In the first nine months of 2008, WestLB’s results suffered from losses and valuation declines due to widening credit spreads and the failure of several financial institutions. In Q3 2008, the Bank wrote down all of its EUR 196 million of exposure to Icelandic banks. Net interest income continued to grow in the first nine months of 2008, driven by improved margins. Fee and commission income declined by 10% compared with the first nine months of 2007, as higher lending-related commissions were offset by lower securities and custody fees due to the financial crisis. WestLB continues to demonstrate cost discipline: administrative expenses of EUR 284 million in Q3 2008 were down 22% from the year-ago quarter and also 28% lower on a linked-quarter basis, driven by staff reductions and lower non-linear salary components.

WestLB’s ratings continue to be based on the A (high) and R-1 (middle) floor ratings that DBRS has assigned to all members of the joint-liability scheme of Germany’s Savings Banks Finance Group (Sparkassen-Finanzgruppe). Factored into the floor ratings is DBRS’s expectation that the institutions comprising the Savings Banks Finance Group are systemically important and therefore likely to receive some form of systemic support if their combined resources prove insufficient.

WestLB’s current intrinsic fundamentals are significantly weaker than its ratings level would suggest. DBRS notes positively the progress the Bank is making toward stabilising its franchise despite the ongoing financial crisis. However, DBRS sees several near-term challenges that could further weaken WestLB’s intrinsic financial strength. These challenges include the Bank’s weakened capitalisation, liquidity pressures and the search for a new ownership structure, as demanded by the European Commission.

The Bank’s regulatory core capital ratio (under German rules) weakened to 5.4% as of September 2008, down from 6.4% as of June. The total capital ratio (under German rules) declined to 8.8% as of September 2008 from 10.4% in June. The declines were primarily due to the EUR 3.5 billion increase in risk-weighted assets (RWAs) to EUR 107.8 billion. This increase was driven by credit rating downgrades on securitised assets, which led to higher risk weightings, and by the strengthening U.S. dollar.

WestLB’s regulatory capital ratios are expected to benefit when the Bank receives credit ratings for certain notes that fund the risk shield transaction. The Bank expects ratings to be assigned in the near term and estimates a pro forma core capital ratio of 6.8% as of September 2008, taking this effect into account. However, DBRS notes that even this pro forma ratio may still appear low relative to the increased capital requirements from investors and regulators in the current financial crisis.

DBRS sees WestLB, like other financial institutions, facing the challenge of bolstering its liquidity as interbank lending markets remain disrupted and investor demand for long-term bank debt remains scarce. WestLB intends to utilise bank debt guarantees from the German Financial Markets Stabilisation Fund, which is authorised to issue up to EUR 400 billion in debt guarantees. DBRS views some form of external liquidity support as important for WestLB to bolster its liquidity, given the challenging environment for bank funding.

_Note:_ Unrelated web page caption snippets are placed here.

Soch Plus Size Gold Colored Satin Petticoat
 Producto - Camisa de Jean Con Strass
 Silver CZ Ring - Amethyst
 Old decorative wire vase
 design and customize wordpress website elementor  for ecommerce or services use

In DBRS’s view, the extension of additional support could be complicated by WestLB’s weakened capitalisation and the European Commission’s ongoing state evaluation of the risk shield transaction, which requires its approval. Debt guarantees under the German Financial Markets Stabilisation Fund are primarily aimed at sufficiently capitalised financial institutions, and it is unclear whether WestLB would qualify without additional capital.

Moreover, WestLB’s supervisory board announced in July 2008 its intention to explore a change in the Bank’s ownership structure in response to the European Commission’s ongoing evaluation of the risk shield transaction. DBRS views the continued lack of a clear future ownership structure for WestLB as a concern that could hinder the Bank’s efforts to stabilise its franchise.

Notes:
The applicable methodology is Analytical Background and Methodology for European Bank Ratings, Second Edition, which can be found on our website under Methodologies.

This is a Corporate (Financial Institutions) rating.